- Opening Delimiter -

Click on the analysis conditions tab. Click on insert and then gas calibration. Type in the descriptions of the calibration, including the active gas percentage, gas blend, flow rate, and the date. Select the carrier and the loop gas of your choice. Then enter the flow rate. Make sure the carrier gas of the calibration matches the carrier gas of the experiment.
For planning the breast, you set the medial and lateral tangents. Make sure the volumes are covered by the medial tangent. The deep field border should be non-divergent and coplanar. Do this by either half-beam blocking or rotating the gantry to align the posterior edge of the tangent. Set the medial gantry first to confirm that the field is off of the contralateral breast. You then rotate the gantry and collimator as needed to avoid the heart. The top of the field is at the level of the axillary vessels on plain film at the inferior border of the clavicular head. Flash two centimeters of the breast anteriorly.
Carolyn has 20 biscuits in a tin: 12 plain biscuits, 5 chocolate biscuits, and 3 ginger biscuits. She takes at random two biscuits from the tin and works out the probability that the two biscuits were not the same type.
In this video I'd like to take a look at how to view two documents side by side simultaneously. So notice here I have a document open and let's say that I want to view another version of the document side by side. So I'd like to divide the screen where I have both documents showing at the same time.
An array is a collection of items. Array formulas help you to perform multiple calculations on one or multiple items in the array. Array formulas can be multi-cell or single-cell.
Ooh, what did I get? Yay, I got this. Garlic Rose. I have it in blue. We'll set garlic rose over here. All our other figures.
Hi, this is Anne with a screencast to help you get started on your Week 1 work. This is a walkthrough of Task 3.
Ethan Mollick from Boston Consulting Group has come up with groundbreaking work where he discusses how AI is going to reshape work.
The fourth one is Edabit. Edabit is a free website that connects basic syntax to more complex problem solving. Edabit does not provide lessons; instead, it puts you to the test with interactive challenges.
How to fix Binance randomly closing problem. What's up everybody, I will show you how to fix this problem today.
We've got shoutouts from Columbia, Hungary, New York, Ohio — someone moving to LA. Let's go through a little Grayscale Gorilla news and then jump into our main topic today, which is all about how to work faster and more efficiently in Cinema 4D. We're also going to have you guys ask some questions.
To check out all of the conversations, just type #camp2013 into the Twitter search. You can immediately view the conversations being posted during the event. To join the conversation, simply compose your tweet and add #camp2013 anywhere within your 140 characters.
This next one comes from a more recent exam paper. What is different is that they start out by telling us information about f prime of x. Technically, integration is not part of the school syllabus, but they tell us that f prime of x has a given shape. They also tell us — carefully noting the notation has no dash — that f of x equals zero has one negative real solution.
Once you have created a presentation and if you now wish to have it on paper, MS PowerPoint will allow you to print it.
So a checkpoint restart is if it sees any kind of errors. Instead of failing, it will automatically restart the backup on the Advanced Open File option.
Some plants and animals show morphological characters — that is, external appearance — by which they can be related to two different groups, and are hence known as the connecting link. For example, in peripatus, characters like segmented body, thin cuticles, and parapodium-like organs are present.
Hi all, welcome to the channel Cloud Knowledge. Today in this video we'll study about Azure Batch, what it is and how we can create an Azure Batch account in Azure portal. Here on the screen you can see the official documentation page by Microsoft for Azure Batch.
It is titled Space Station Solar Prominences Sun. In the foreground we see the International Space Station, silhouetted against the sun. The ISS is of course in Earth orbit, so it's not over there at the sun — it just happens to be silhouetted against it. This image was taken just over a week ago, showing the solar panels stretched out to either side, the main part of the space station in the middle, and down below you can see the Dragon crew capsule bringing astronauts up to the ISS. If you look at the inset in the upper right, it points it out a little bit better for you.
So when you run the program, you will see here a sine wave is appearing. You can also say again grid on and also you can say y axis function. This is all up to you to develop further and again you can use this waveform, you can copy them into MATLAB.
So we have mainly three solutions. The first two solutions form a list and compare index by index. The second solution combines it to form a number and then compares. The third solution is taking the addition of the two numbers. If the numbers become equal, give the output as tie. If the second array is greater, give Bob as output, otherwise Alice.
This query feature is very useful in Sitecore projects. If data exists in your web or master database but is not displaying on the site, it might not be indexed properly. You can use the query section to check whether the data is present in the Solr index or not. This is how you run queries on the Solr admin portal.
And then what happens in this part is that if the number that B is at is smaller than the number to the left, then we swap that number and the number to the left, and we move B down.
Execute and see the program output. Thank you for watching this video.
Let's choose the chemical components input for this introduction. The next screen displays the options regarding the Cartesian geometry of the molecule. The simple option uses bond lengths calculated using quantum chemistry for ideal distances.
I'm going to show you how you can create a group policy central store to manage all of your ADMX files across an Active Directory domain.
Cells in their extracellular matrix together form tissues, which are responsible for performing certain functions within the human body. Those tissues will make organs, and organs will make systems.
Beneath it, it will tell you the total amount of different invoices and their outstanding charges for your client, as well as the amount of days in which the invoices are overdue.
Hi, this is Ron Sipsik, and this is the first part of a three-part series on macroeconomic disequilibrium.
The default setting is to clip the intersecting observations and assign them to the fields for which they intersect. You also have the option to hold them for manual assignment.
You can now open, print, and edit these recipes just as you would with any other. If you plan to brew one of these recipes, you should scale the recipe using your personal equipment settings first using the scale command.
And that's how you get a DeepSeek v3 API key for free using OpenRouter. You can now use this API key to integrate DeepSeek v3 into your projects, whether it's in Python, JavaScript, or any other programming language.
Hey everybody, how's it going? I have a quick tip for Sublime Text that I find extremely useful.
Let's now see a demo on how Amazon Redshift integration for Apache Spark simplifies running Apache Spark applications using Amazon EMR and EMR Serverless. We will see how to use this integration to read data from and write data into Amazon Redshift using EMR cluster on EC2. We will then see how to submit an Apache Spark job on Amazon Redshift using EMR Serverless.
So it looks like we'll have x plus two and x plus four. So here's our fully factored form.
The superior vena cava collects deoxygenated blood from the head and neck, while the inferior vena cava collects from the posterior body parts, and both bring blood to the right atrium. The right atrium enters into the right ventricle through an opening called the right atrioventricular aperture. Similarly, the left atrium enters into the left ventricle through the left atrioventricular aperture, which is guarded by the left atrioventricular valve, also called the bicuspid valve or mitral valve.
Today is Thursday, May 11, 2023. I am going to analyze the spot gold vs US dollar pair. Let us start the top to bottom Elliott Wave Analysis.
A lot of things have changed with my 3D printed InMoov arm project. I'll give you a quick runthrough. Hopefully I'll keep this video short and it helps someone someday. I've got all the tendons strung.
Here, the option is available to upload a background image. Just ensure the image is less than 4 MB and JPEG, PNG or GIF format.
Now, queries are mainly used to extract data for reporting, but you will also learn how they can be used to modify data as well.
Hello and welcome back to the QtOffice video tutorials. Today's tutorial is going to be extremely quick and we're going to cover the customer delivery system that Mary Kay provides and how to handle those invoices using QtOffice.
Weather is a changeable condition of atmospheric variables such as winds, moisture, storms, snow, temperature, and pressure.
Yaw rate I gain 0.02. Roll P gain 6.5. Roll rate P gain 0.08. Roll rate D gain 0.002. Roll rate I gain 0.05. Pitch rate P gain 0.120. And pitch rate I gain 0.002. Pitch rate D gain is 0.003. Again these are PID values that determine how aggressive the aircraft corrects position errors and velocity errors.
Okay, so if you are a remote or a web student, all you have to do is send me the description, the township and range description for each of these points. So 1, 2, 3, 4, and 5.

- Closing Delimiter -

#### What this task involves
From the records above, transcribe exactly the run of lines that opens with the line holding "Carolyn has 20" and closes with the line holding "Hi, this is Anne", both included.

#### Written answer
Carolyn has 20 biscuits in a tin: 12 plain biscuits, 5 chocolate biscuits, and 3 ginger biscuits. She takes at random two biscuits from the tin and works out the probability that the two biscuits were not the same type.
In this video I'd like to take a look at how to view two documents side by side simultaneously. So notice here I have a document open and let's say that I want to view another version of the document side by side. So I'd like to divide the screen where I have both documents showing at the same time.
An array is a collection of items. Array formulas help you to perform multiple calculations on one or multiple items in the array. Array formulas can be multi-cell or single-cell.
Ooh, what did I get? Yay, I got this. Garlic Rose. I have it in blue. We'll set garlic rose over here. All our other figures.
Hi, this is Anne with a screencast to help you get started on your Week 1 work. This is a walkthrough of Task 3.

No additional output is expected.